The societal framing is explicit; a properly formulated mandate, the authors write, is a prerequisite for restoring public trust and for initiating a genuine process of healing and repair. The implication is that the crisis unleashed by October 7 is not only military or strategic, but also civic and psychological. The attack exposed not just intelligence and operational failures, but fractures in governance, oversight, and state-society relations.

This argument resonates against a backdrop of nearly a year and a half of political paralysis over the issue. Calls for a state commission of inquiry have come from bereaved families, hostage relatives, opposition lawmakers, and segments of the security establishment. The government has thus far resisted establishing a full state commission, citing the ongoing war and the need to avoid politicization. Meanwhile, Attorney-General Gali Baharav-Miara has stated that a state commission is the appropriate legal mechanism to address failures of such national magnitude.

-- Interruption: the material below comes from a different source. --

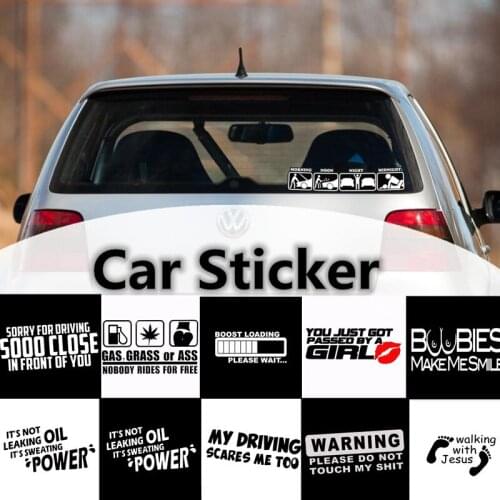 Auto PVC Sticker Body Truck Window Waterproof Modeling Car Personality Character Decal Letter Funny Fashion Top Packaging Tape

In that charged environment, the JPPI initiative attempts to re-anchor the conversation in institutional design rather than partisan blame. By returning to the mandates of past commissions – from Agranat’s examination of pre-war intelligence to Or’s scrutiny of state-minority relations – Moses and Avriel argue that the scope of inquiry will ultimately determine whether October 7 is treated as a singular collapse or as the culmination of long-term policy and structural trends.
For Moses, whose personal biography is inseparable from the trauma of the day, the effort carries an added moral dimension. A commission that looks only at tactical breakdowns, the initiative suggests, risks missing the deeper patterns that made such a breakdown possible.
A commission that is too narrow, too rushed, or too politically constrained may offer catharsis but not correction. “Those who do not investigate October 7,” the authors warn, “invite the next October 7.” The path to lessons learned, they argue, begins not with the identity of the commissioners, but with the clarity and courage of the mandate itself.